El plan estratégico del valeroso cuanto entendido coronel Cáceres era evidente, y se hallaba ya en el extremo de cumplirlo. Obligando a recular las dispersas reliquias de nuestro ejército hasta la altura de Huaraciña, se hacía en efecto dueño del camino y de la cuesta de aquel nombre, y así nos cortaba la retirada y cerraba herméticamente la quebrada para los que peleaban adentro: la tapa del ataúd iba a caer sobre unos cuantos centenares de bravos, y entonces se habría tenido noticias de la brillante división chilena de Tarapacá por los pájaros de presa que en sus ensangrentadas garras habrían esparcido sus despojos por el ancho desierto. La “encerrona al revés” iba a ser completa.

Cuando las compañías flanqueadoras subían a la cresta occidental de los farallones que cierran hacia el noroeste la quebrada de Tarapacá, no distaban a la verdad más de trescientos metros las divisiones peruanas que venían a atrancarlos, dispersadas en guerrilla y haciendo fuego en avance, al toque de sus cometas.

Pero no habían asomado del todo aquellos ala cuchilla, cuando corrieron a su bien venido encuentro todo lo que quedaba de pechos enteros en la infortunada división de Chile.

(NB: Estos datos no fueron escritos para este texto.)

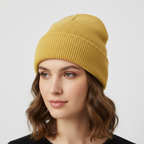 Gebreide one-size muts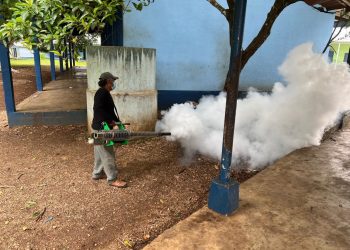 Jornadas de nebulización contra el dengue llegan a más comunidades de La Libertad, Petén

El coronel Arteaga y su intrépido ayudante don Jorge Wood, los comandantes Santa Cruz, Vergara y Toro Herrera; el subteniente don Lorenzo Fierro, alentadísimo mozo, natural de Montevideo y sobrino del presidente Latorre, que había venido a la guerra de Chile por amor a la guerra, entrando de soldado en el Chacabuco; el capitán ayudante de los Zapadores don Umitel Unutia, el subteniente Bianchi con su bandera de la Marina, salvada con milagrosos esfuerzos, y adelante de todos el capitán Moscoso, ayudante de aquel cuerpo, a quien se le vio cabalgando en caballos, en mulas y hasta en asnos en todas partes aquel día.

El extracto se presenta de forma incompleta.